Input material START

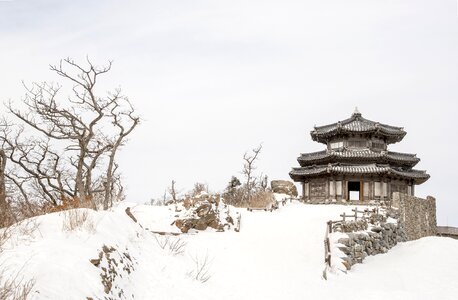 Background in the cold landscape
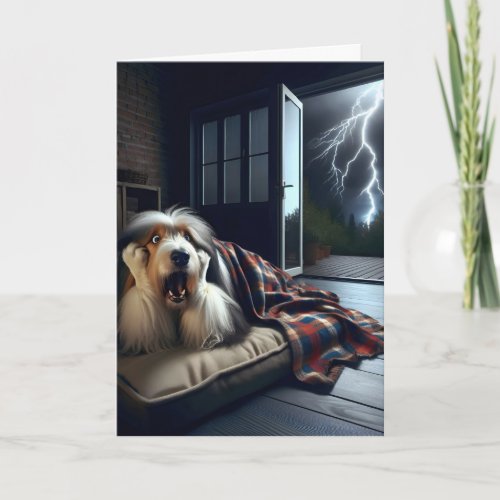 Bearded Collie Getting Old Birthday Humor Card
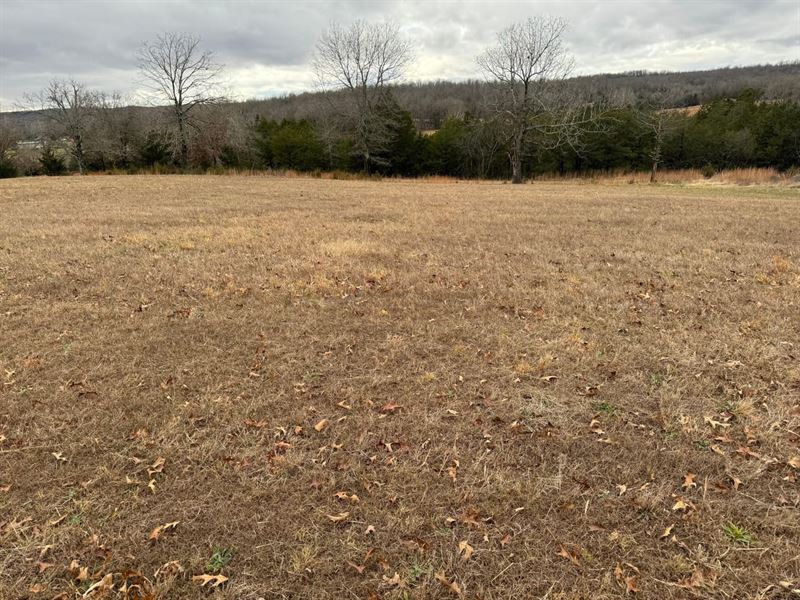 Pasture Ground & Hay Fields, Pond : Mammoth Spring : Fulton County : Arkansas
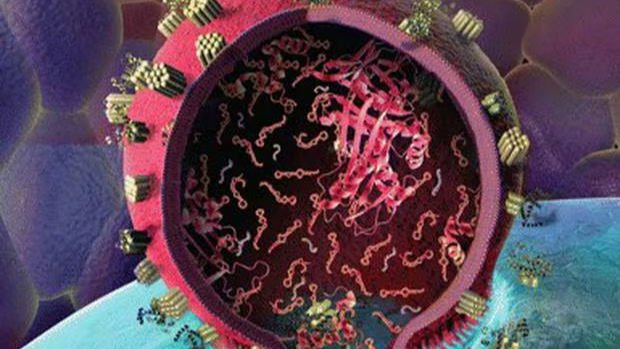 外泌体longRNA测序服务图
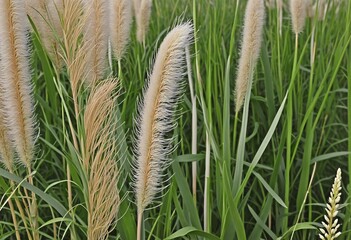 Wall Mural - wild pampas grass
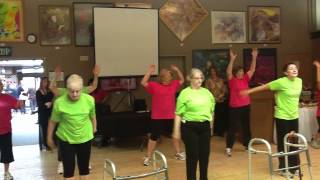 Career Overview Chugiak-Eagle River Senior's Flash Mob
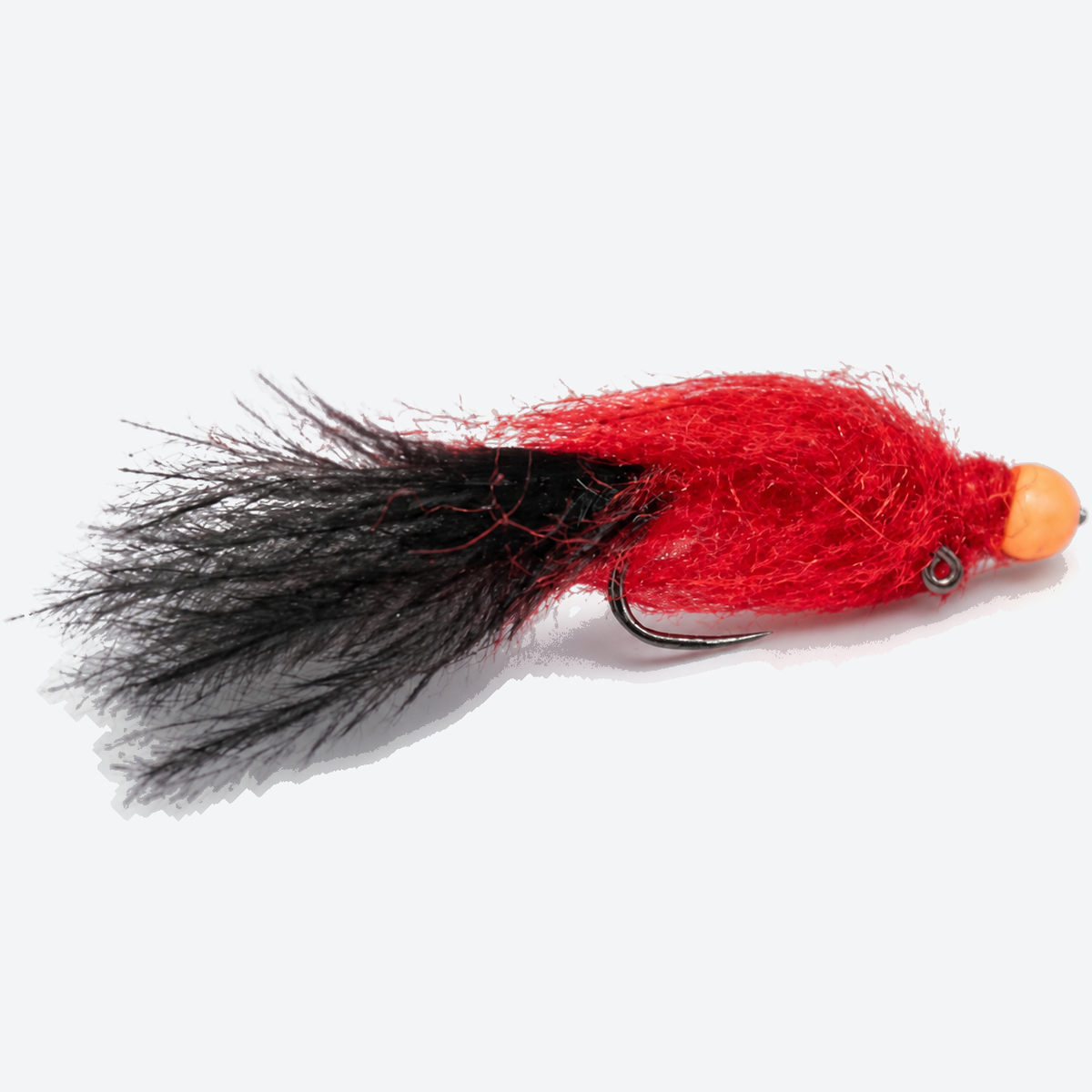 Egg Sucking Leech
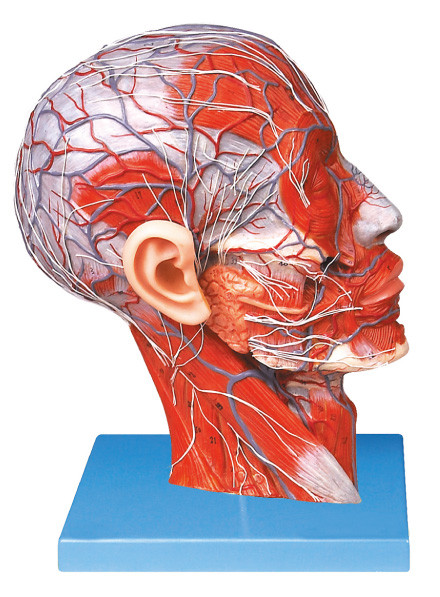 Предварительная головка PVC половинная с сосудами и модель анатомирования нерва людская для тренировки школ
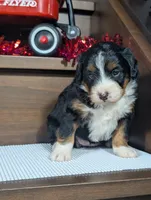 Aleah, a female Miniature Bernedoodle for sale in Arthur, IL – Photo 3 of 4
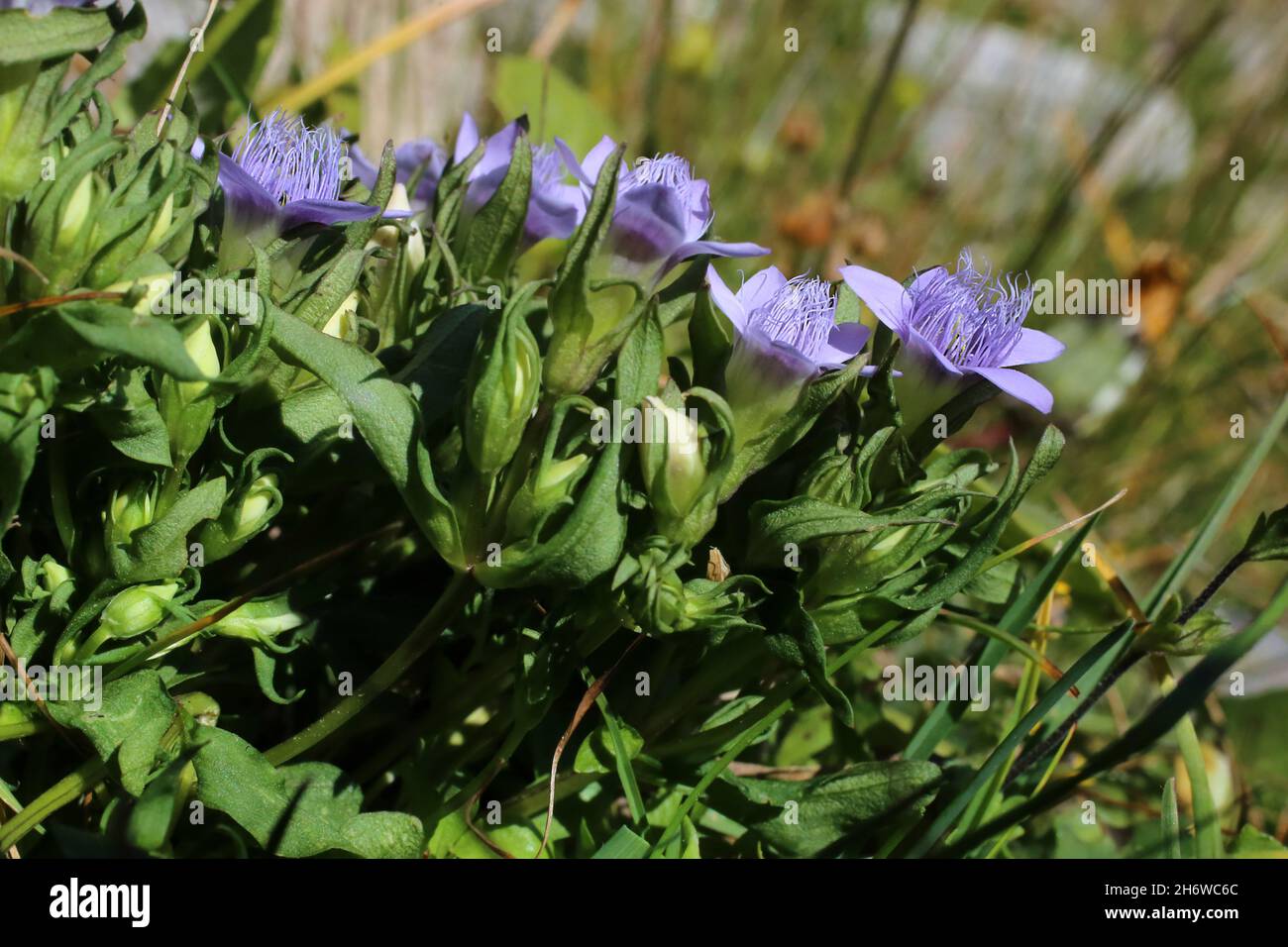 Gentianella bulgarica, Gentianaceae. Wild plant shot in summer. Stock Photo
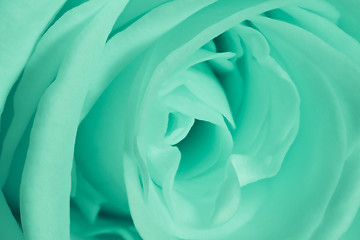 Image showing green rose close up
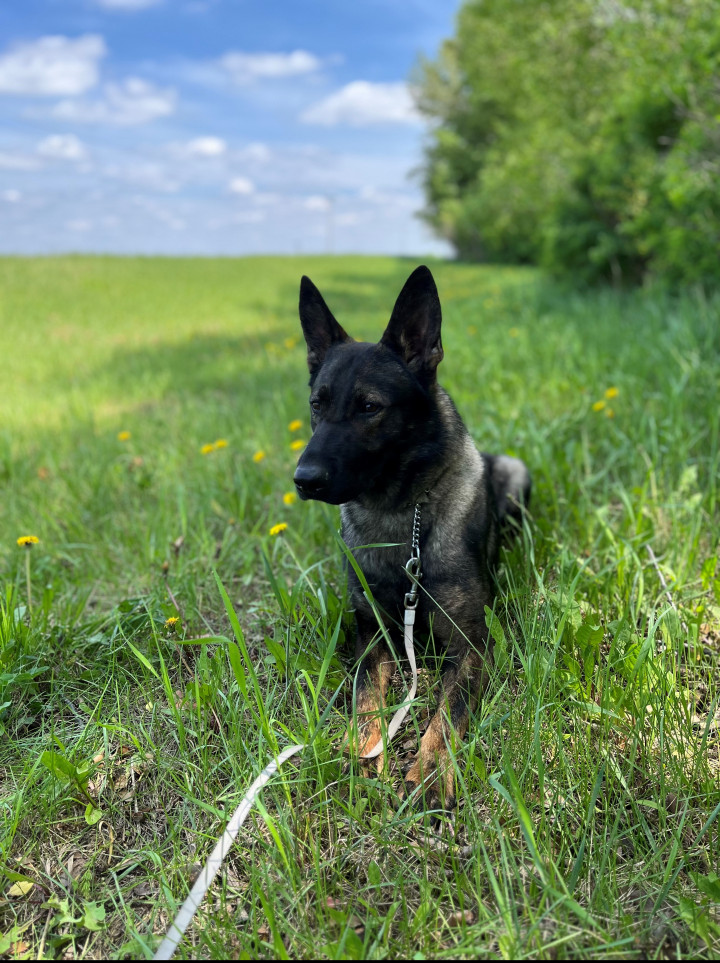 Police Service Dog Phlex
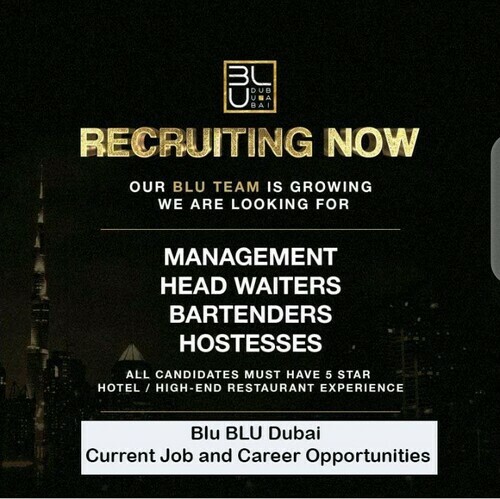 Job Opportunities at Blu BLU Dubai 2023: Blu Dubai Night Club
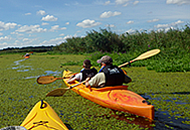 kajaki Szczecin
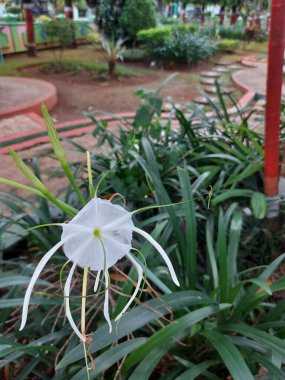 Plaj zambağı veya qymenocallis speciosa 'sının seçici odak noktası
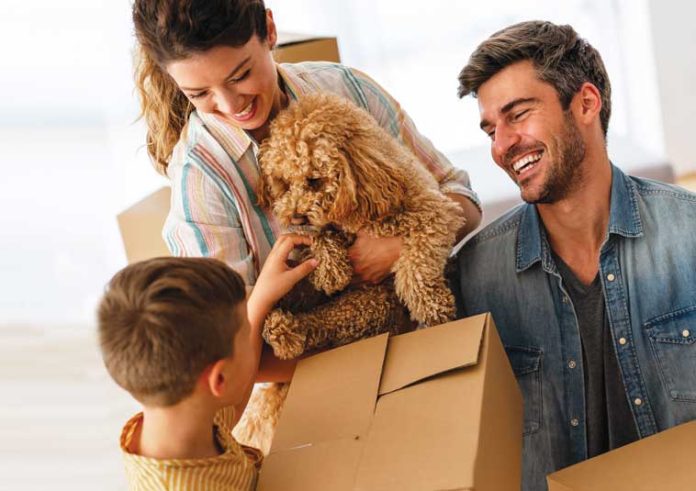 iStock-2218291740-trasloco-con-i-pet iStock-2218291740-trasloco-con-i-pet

Input material END

■ Directions for this task ■
Starting at the line containing "外泌体longRNA测序服务图" and stopping at the line containing "Plaj zambağı veya", output every line above exactly, both ends included, with pictures omitted.

■ Your response ■
 外泌体longRNA测序服务图
 Wall Mural - wild pampas grass
 Career Overview Chugiak-Eagle River Senior's Flash Mob
 Egg Sucking Leech
 Предварительная головка PVC половинная с сосудами и модель анатомирования нерва людская для тренировки школ
 Aleah, a female Miniature Bernedoodle for sale in Arthur, IL – Photo 3 of 4
 Gentianella bulgarica, Gentianaceae. Wild plant shot in summer. Stock Photo
 Image showing green rose close up
 Police Service Dog Phlex
 Job Opportunities at Blu BLU Dubai 2023: Blu Dubai Night Club
 kajaki Szczecin
 Plaj zambağı veya qymenocallis speciosa 'sının seçici odak noktası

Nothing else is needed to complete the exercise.